Work instruction: All of the data, word for word and free of pictures, is the expected result.

Dataset content:
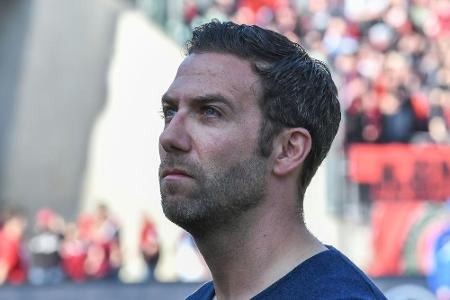 Club-Coach Schommers betreibt Eigenwerbung: 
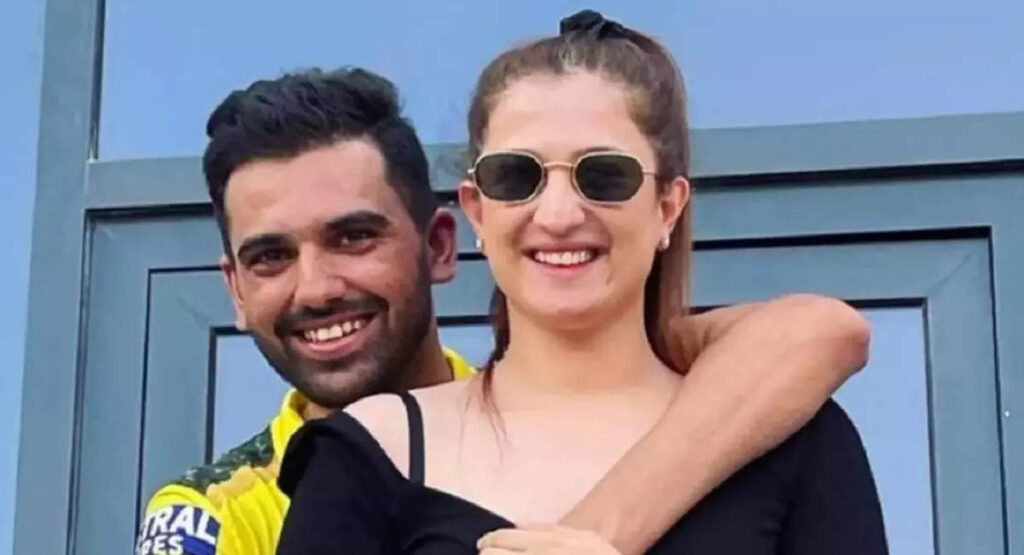 cheating with deepak chahar wife, ક્રિકેટર દીપક ચહરની પત્ની સાથે રૂપિયા 10 લાખની છેતરપિંડી, હૈદરાબાદ ક્રિકેટ સાથે જોડાયેલા છે તાર - former officer of hyderabad cricket association cheated 10 lakh rupees with wife of cricketer deepak chahar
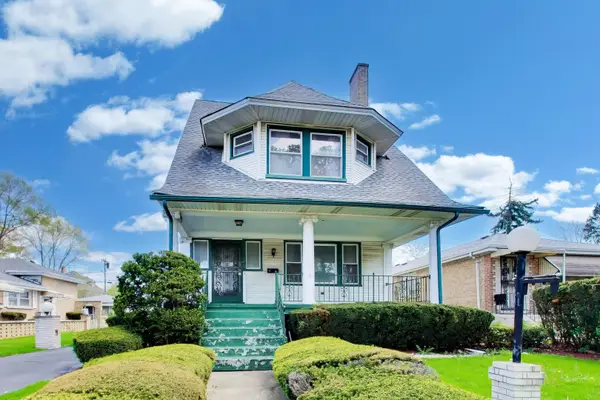 411 S 16th Avenue, Maywood, IL 60153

Exercise response:
 Club-Coach Schommers betreibt Eigenwerbung: 
 cheating with deepak chahar wife, ક્રિકેટર દીપક ચહરની પત્ની સાથે રૂપિયા 10 લાખની છેતરપિંડી, હૈદરાબાદ ક્રિકેટ સાથે જોડાયેલા છે તાર - former officer of hyderabad cricket association cheated 10 lakh rupees with wife of cricketer deepak chahar
 411 S 16th Avenue, Maywood, IL 60153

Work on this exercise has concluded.